Der Keller wurde gegen Feuchtigkeit isoliert. Ca. 10 qm wurden zu einem Büro umgewandelt und dieses mit einem neuen Fenster und neuen Heizungsrohren ausgestattet. Im Erdgeschoß wurden Bad und Gästetoilette komplett erneuert und eine Treppe zum Garten errichtet. Im Obergeschoß ließen die Kläger Wände (Raumteiler) versetzen und den Fußboden erneuern. Die Zimmerdecken wurden nach Entfernung der alten Strohmatten mit Holz verkleidet. Außerdem wurden isolierverglaste Fenster eingebaut.

Das Dachgeschoß wurde zu Wohnzwecken ausgebaut (ca. 34 qm), insbesondere wurden ein neuer Fußboden verlegt und Dachflächenfenster eingebaut. Die Dachbodentreppe ersetzten die Kläger gegen eine fest eingebaute Treppe. Der Dachboden wurde komplett verkleidet und isoliert. Weiter ließen die Kläger sämtliche Wasser- und Stromleitungen sowie die Heizungs- und Lüftungsschächte erneuern. Vereinzelt wurden Fenster zugemauert. Die Dachgaube wurde mit einer neuen Wand verstärkt.

Die tragenden Wände des Gebäudes wurden nicht versetzt.

In der Einkommensteuererklärung für 1991 machten die Kläger für Herstellungskosten von 170 640 DM einen Abzugsbetrag nach § 10 e Abs. 2 des Einkommensteuergesetzes (EStG) geltend (8 532 DM) sowie Vorkosten nach § 10 e Abs. 6 EStG in Höhe von 31 042 DM. Der Beklagte und Revisionsbeklagte (das Finanzamt -- FA --) berücksichtigte die Aufwendungen nicht. Der Einspruch der Kläger war erfolglos.

Das Finanzgericht (FG) wies die Klage ab. Das Urteil ist in Entscheidungen der Finanzgerichte 1994, 702 abgedruckt.

Mit der Revision rügen die Kläger Verletzung des § 10 e Abs. 2 und 6 EStG.

Sie beantragen, das angefochtene Urteil sowie die Einspruchsentscheidung vom 2. September 1993 aufzuheben und den Einkommensteuerbescheid für 1991 dahingehend zu ändern, daß die Aufwendungen gemäß § 10 e EStG berücksichtigt werden.

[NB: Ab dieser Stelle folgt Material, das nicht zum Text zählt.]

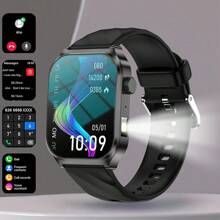 Aviwogr Nouvelle Montre Connectée avec Écran Incurvé de 2,01 Pouces, Synchronisation des Informations du Téléphone, Lampe de Poche LED Intégrée, Connectivité Sans Fil, Appel Vocal, Plus de 100 Modes Sportifs, Sports de Plein Air, Montre Connectée Unisexe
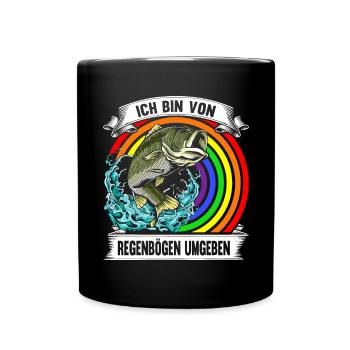Forellen Angeln - Tasse einfarbig - Schwarz - Vorne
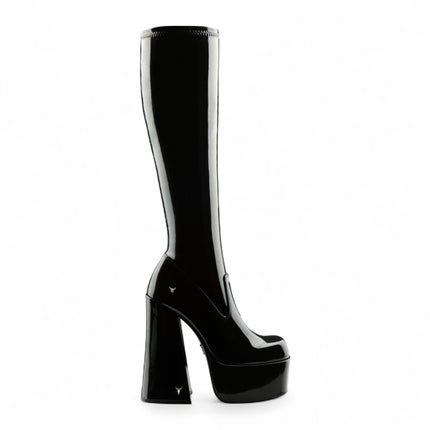 Windsorsmith Womens Black Knee-High Sock Platform Goth Heel Boots - Saucy
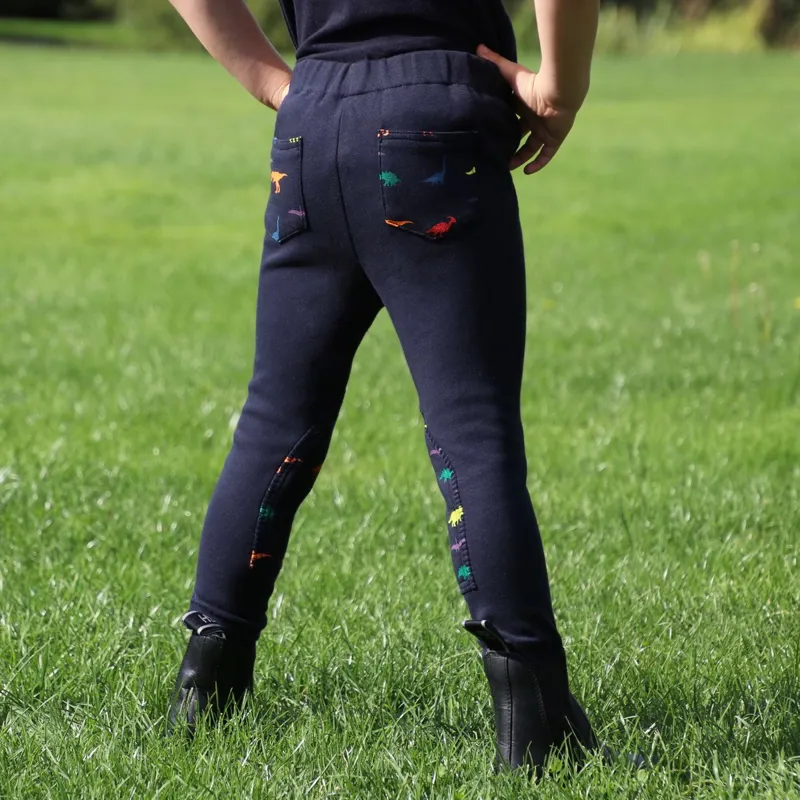 Hy Equestrian Dinosaur Tots Junior Jodhpurs - Navy-3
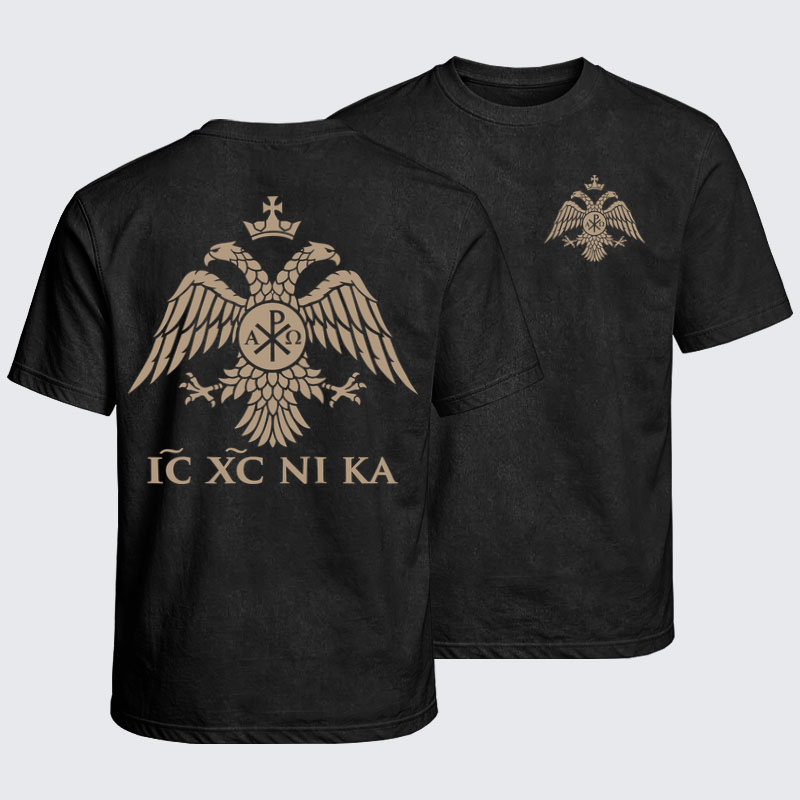 Washed T-Shirt - IC XC NIKA – Chi-Rho Double-Headed Eagle - Black (front and back)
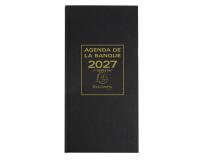 Agenda de bureau Banquier long Euro et cents 16 x 34 cm Journalier 2 volumes 2027 - Noir
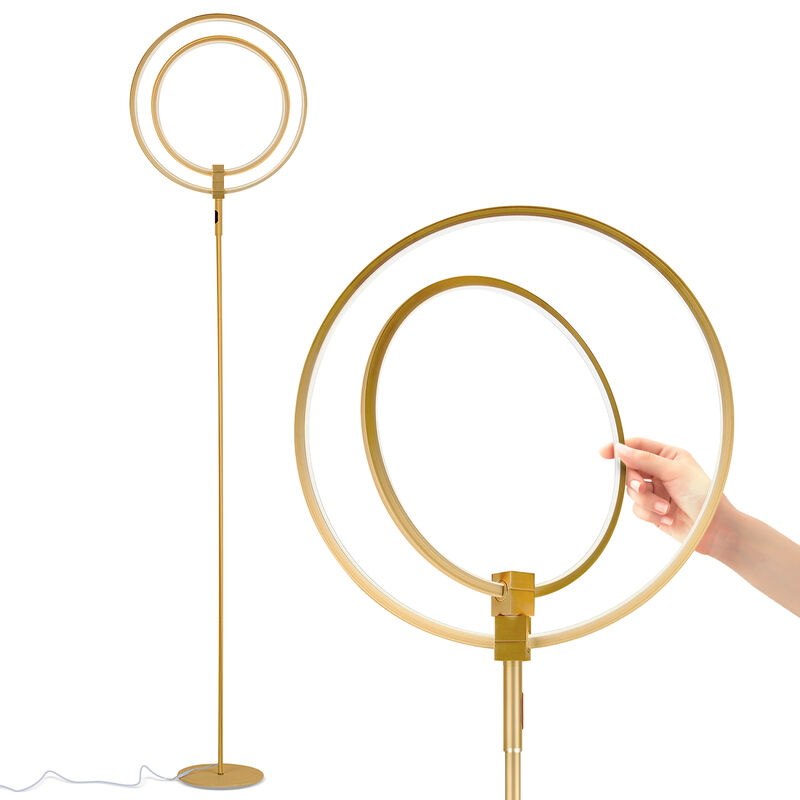 Eclipse Gold Brass LED Floor Lamp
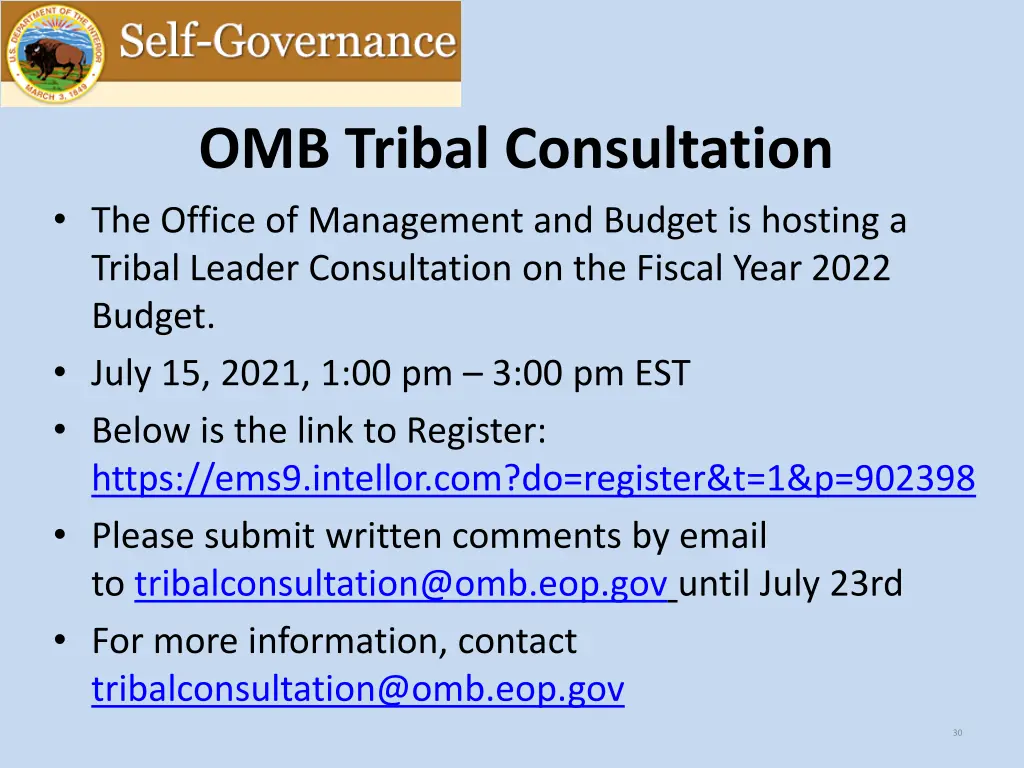 omb tribal consultation the office of management
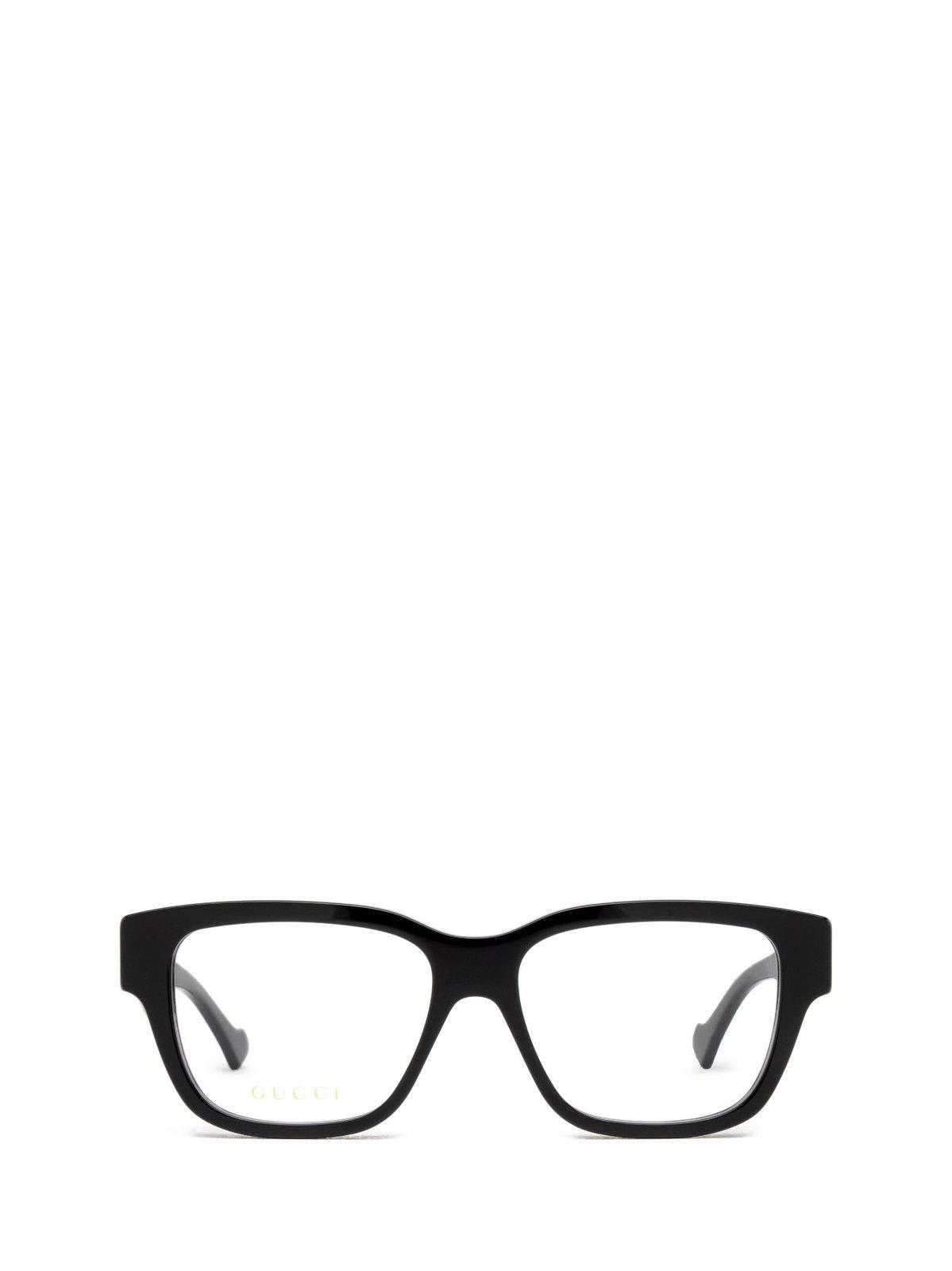 Shop Gucci Rectangle Frame Glasses In 004 Black Black Transpare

Das FA beantragt, die Revision zurückzu weisen.

 

Entscheidungsgründe

Die Revision ist unbegründet.

1. Zutreffend hat das FG entschieden, daß die Kläger durch den Umbau der beiden Wohnungen des Zweifamilienhauses zu einer Wohnung keine Wohnung i. S. des § 10 e Abs. 1 EStG hergestellt haben.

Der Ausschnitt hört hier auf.